I saw Sacha Baren Cohen’s new film Brüno last week, and I was sorely disappointed.

There’s already been a lot of
media/blogger hoopla surrounding the movie, but I wanted to add my take.

Obviously, it was not as good as Borat, for a number of reason, only one of which being that he'd already done the same schtick successfully in that film. I was prepared for Brüno to be less innovatively funny, but I was surprised by a movie that was utterly childish and mostly unfunny.

Sure there are a few laugh-worthy moments (a bit with all-too-eager stage parents and another where a preacher tells us what music not to listen to if we’re trying to be straight – Indigo Girls, the Village People, I’m talking about you!), but the film is horribly uneven and, worse, often offensive.

Watching it was an overall uncomfortable and painful experience more so than a humorous one (Borat, too, had those moments, but Brüno is constructed almost entirely of them).

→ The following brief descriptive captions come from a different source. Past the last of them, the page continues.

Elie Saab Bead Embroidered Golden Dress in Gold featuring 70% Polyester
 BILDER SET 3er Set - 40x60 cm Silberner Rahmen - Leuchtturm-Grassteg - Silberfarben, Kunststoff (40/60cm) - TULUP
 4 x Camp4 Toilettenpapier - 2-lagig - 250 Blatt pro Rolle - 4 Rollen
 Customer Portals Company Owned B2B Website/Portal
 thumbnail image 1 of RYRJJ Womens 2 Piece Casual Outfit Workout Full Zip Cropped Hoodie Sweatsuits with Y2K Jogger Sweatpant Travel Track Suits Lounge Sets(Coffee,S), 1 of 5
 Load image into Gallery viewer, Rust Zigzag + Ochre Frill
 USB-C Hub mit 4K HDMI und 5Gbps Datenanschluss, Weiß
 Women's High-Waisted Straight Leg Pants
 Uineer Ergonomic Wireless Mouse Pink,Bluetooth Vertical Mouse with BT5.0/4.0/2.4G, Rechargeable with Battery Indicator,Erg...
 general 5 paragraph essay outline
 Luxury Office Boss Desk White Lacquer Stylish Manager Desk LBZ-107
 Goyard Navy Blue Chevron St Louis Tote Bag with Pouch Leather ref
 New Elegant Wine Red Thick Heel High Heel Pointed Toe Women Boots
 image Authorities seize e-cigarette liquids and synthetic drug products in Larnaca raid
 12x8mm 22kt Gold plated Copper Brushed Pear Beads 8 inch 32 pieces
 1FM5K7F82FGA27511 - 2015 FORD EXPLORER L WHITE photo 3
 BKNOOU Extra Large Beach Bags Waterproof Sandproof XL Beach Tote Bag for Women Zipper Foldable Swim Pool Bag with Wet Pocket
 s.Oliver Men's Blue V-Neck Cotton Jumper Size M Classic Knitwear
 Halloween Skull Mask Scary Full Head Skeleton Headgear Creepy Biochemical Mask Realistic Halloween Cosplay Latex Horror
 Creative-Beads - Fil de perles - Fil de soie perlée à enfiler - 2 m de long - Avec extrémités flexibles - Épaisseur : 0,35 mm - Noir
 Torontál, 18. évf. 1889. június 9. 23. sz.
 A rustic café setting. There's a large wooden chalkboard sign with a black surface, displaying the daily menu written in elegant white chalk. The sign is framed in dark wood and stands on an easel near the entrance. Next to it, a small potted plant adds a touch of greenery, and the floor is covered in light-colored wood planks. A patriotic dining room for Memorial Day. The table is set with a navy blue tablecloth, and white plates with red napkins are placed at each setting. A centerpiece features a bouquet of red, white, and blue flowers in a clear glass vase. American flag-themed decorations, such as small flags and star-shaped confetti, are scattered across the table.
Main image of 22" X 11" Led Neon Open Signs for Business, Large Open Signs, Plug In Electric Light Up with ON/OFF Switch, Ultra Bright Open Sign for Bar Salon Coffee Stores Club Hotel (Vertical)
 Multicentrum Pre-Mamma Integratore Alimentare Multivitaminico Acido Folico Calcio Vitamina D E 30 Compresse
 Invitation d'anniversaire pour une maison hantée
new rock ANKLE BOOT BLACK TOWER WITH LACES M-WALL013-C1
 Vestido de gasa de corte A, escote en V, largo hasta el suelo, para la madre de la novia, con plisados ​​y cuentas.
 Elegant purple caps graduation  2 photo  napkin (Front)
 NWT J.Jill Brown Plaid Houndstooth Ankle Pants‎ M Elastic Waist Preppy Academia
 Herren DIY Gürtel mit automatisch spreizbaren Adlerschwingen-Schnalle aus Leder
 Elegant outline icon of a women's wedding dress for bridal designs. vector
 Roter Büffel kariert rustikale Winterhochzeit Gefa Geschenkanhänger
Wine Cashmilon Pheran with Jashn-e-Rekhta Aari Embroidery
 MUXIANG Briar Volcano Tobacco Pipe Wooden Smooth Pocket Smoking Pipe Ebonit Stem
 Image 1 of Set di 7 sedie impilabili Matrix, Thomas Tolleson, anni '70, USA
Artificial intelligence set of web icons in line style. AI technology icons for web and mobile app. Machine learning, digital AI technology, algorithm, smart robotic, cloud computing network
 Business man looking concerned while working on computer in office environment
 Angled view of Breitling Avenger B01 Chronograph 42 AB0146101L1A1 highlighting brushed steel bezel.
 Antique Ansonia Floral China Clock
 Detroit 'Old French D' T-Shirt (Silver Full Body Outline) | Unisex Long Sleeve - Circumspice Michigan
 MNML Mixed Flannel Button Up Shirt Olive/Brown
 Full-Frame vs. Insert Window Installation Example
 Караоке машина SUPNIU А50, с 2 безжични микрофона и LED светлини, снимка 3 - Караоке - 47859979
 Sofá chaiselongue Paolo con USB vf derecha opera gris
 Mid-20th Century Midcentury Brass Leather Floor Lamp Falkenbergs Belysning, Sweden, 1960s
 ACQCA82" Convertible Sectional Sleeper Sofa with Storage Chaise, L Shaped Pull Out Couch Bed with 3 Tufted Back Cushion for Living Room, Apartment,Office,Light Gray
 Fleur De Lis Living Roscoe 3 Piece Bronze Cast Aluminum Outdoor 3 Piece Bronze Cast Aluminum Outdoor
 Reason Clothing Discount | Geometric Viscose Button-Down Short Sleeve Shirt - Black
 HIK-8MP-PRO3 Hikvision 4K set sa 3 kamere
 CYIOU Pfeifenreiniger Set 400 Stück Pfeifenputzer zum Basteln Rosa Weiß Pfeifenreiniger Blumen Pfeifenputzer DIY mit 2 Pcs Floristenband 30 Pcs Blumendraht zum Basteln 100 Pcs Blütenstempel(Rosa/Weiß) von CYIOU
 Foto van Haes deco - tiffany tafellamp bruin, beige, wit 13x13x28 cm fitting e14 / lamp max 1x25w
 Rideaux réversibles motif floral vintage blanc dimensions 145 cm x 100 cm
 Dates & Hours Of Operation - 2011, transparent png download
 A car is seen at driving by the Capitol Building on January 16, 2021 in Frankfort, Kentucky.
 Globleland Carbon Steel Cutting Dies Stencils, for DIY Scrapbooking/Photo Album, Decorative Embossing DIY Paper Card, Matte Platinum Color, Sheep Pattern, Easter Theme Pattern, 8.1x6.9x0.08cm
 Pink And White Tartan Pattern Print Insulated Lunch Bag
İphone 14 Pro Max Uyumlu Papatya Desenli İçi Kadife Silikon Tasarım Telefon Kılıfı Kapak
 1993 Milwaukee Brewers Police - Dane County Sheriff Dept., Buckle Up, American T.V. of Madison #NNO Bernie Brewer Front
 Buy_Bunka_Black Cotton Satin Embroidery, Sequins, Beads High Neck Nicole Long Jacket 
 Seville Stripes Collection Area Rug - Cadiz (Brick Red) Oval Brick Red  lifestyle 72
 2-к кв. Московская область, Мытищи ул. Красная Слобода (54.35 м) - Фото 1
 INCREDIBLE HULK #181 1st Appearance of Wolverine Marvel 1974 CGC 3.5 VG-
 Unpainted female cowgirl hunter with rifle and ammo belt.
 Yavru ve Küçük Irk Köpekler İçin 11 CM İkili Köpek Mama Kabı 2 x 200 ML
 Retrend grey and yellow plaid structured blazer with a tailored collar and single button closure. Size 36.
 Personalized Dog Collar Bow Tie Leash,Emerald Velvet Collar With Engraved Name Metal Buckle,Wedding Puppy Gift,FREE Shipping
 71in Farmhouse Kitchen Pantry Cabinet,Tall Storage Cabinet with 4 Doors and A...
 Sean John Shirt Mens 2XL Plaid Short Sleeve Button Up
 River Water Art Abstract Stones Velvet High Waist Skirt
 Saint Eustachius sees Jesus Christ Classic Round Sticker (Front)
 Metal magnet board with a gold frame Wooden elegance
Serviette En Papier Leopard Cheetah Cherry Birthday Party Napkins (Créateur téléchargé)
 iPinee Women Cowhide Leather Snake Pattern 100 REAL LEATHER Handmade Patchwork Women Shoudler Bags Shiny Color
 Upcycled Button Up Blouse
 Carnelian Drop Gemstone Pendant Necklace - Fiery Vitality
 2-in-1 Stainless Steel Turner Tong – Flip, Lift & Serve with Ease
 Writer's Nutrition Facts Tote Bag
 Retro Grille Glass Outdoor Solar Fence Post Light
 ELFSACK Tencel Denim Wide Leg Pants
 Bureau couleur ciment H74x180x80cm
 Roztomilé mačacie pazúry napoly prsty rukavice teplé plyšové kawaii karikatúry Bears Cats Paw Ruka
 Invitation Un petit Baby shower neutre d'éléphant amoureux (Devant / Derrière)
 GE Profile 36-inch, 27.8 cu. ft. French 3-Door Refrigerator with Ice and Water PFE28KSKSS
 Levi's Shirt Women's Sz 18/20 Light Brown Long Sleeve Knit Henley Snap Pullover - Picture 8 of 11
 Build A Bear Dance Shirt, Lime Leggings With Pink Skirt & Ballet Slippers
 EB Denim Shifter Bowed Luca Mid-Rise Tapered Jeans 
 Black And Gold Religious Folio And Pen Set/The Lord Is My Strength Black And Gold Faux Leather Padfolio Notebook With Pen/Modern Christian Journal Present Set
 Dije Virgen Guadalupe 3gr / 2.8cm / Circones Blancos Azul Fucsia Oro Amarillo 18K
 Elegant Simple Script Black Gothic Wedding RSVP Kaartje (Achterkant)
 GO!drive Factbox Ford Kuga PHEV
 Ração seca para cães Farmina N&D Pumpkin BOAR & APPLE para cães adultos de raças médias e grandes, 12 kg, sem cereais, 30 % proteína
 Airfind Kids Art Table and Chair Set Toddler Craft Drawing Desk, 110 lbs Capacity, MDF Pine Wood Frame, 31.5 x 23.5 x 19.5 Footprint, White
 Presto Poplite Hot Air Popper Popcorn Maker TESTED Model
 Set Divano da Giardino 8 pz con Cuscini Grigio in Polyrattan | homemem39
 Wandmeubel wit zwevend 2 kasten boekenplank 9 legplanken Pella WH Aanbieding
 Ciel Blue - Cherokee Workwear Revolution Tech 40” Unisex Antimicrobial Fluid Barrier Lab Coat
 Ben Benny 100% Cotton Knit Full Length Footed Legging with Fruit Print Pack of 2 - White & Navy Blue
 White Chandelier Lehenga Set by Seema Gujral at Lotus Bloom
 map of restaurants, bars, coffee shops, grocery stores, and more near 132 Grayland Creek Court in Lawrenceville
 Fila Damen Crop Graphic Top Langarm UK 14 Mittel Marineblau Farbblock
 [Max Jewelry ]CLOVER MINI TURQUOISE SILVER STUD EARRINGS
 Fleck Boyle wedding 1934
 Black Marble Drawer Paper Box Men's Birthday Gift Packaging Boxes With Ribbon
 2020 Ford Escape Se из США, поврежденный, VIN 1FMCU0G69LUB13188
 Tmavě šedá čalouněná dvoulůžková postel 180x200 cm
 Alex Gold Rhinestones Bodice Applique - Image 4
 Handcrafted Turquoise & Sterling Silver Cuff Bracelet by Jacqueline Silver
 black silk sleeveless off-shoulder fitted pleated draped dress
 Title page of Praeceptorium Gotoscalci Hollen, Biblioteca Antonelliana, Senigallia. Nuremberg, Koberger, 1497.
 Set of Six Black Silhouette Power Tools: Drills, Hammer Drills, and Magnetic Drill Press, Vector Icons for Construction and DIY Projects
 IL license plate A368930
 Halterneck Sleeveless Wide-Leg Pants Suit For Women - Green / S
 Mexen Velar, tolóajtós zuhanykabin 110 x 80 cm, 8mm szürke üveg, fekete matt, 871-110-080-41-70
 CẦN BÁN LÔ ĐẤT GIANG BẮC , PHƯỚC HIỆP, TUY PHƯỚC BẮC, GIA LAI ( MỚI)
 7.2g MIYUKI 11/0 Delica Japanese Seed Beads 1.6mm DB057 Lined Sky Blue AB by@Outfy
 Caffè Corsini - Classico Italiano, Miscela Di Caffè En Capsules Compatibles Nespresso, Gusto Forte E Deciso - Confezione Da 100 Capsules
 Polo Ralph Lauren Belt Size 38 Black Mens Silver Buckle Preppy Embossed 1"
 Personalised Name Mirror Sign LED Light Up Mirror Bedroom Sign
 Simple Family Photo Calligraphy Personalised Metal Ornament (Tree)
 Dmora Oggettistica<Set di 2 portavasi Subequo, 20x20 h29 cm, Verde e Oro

For me, most of the humor in Borat came from poking fun at the xenophobic/anti-Semitic/generally bigoted people he encountered along the way. Brüno really has less of that than you would expect. Sure there are some homophobes – it’s hard, however, to laugh at them when many of the jokes themselves are founded upon the "gag" of Brüno’s flamboyant homosexuality – but mostly there are just people who end up uncomfortable around Brüno; not because he is gay, but because he decides to talk about (and often act out) sex acts in a very explicit and inappropriate fashion. (I suppose this, in and of itself, is supposed to be funny, but I'm not a 12-year-old so it’s not). It’s hard to blame, or label as homophobic, the people who are weirded out by Brüno and his in-your-face behavior – behavior that would be equally frowned upon from a straight man.

Obviously, one could counter that this pointing out homophobia business wasn’t
Cohen’s goal (although I think it at least partly was), but without that element, the film really falls flat. An endless stream of gross-out jokes and shock-jock humor, that, in the end, isn't very funny (sauf a few aforementioned skits).

And still on that point, if it was at all – anywhere, even a little bit deep down – Cohen’s goal to point out homophobia, I think Brüno is an utter failure and a homophobic film unto itself. I realize there is a certain amount of satire involved, but the Brüno image of a kinky-sex-crazed gay man that will aggressively proposition every male in sight is not something the gay community needs, especially when many already hold that view in their hearts.